| Available data |
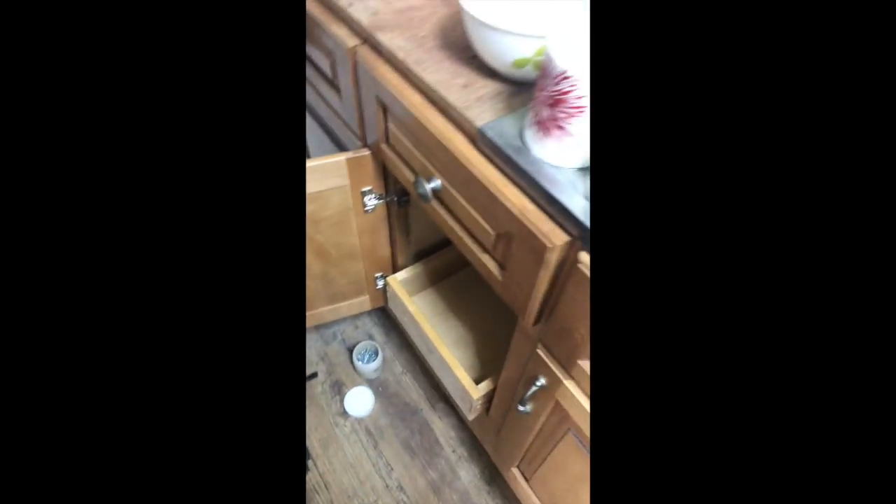Drawer slides are great but nothing ever works right the first time. That hinge right there is getting in the way of the drawer, because this is supposed to be a cabinet — there's not supposed to be a drawer here — but I'm repurposing these drawers. After a couple of in-and-outs you can see where it's wearing, so I'm going to take it out to the workshop and route a slot just a hair to give some space for that hinge. After routing out that little slot, look how easily it shuts.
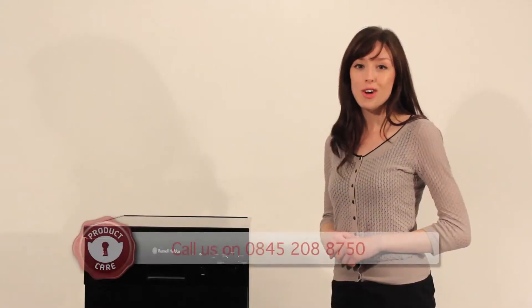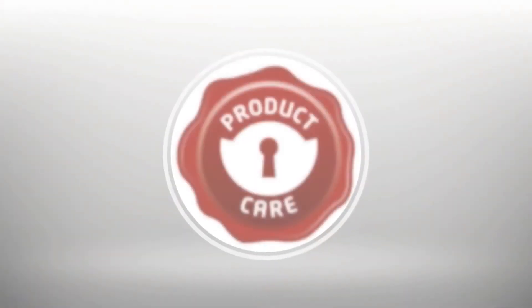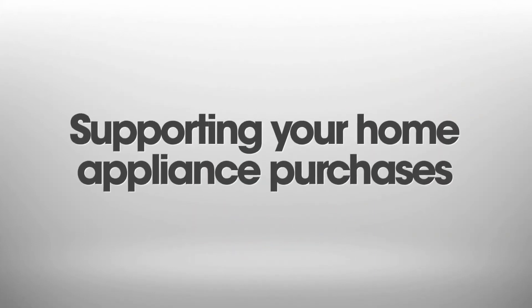If a problem persists, contact us on 0845 208 8750. For more information visit www.fema.org.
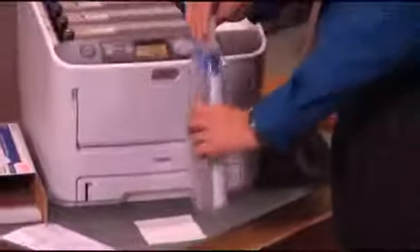Open the protective packaging, remove the new Okidata toner cartridge, and gently place it near your printer.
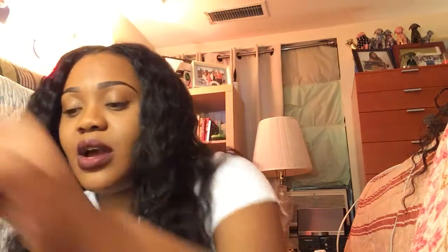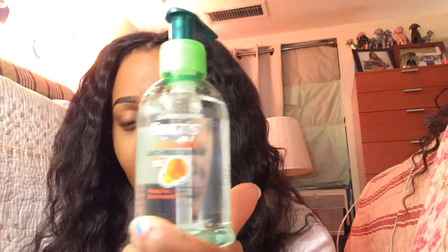You guys can continue to watch to see if this hair holds up — we can go through it together. I will be showing you the products I use on this hair as it goes, and what works. For right now, I'm really in love with this Garnier Fructis Sleek and Shine Anti-Frizz Serum. It was like $3 at Target — it might be cheaper in other places.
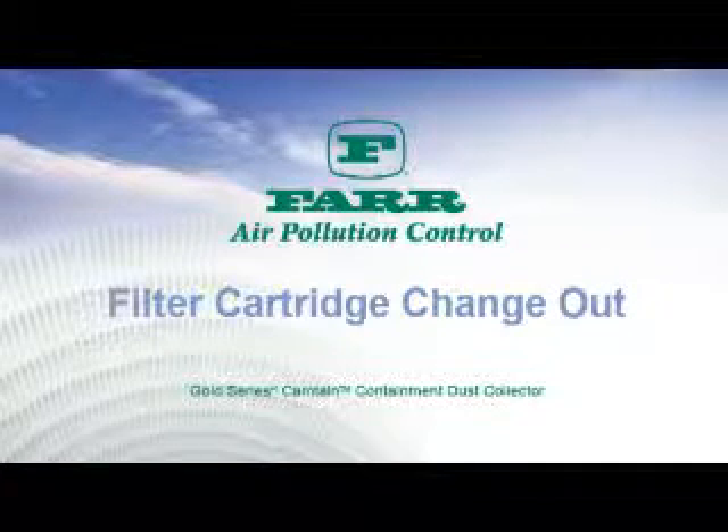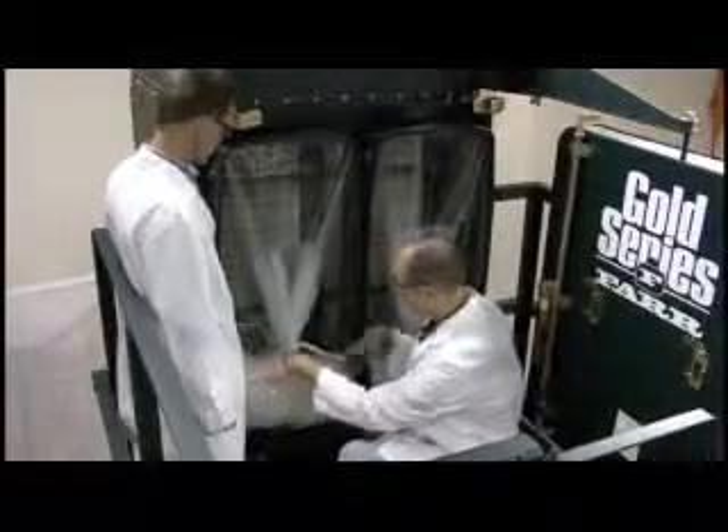Filter cartridge change out. Open the Davin arm doors and swing off to the side, ensuring you have full access to the filter cartridge openings.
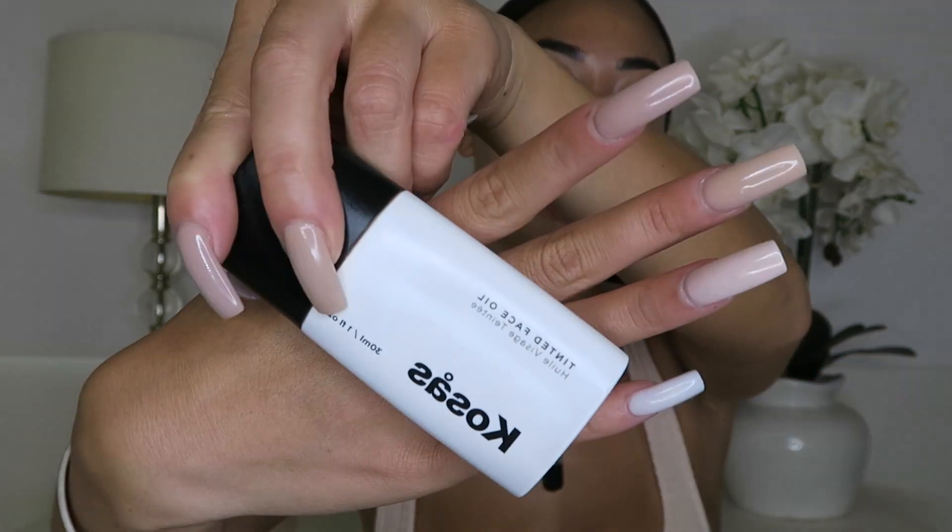Now we're ready to put some actual makeup on our face. I'm using the Kosas Tinted Face Oil — I've definitely posted this before on my Instagram story. You just shake it really well and do like three or four drops depending. It's super pigmented for a tinted oil so you don't need that much. I like to blend everything in with a duo fiber brush and just stipple it everywhere so it's not heavy.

| Requirement |
Please repeat exactly the lines from the one containing "Filter cartridge change" through the last line of the records, both included, and leave out the pictures.

| Exercise answer |
Filter cartridge change out. Open the Davin arm doors and swing off to the side, ensuring you have full access to the filter cartridge openings.
Now we're ready to put some actual makeup on our face. I'm using the Kosas Tinted Face Oil — I've definitely posted this before on my Instagram story. You just shake it really well and do like three or four drops depending. It's super pigmented for a tinted oil so you don't need that much. I like to blend everything in with a duo fiber brush and just stipple it everywhere so it's not heavy.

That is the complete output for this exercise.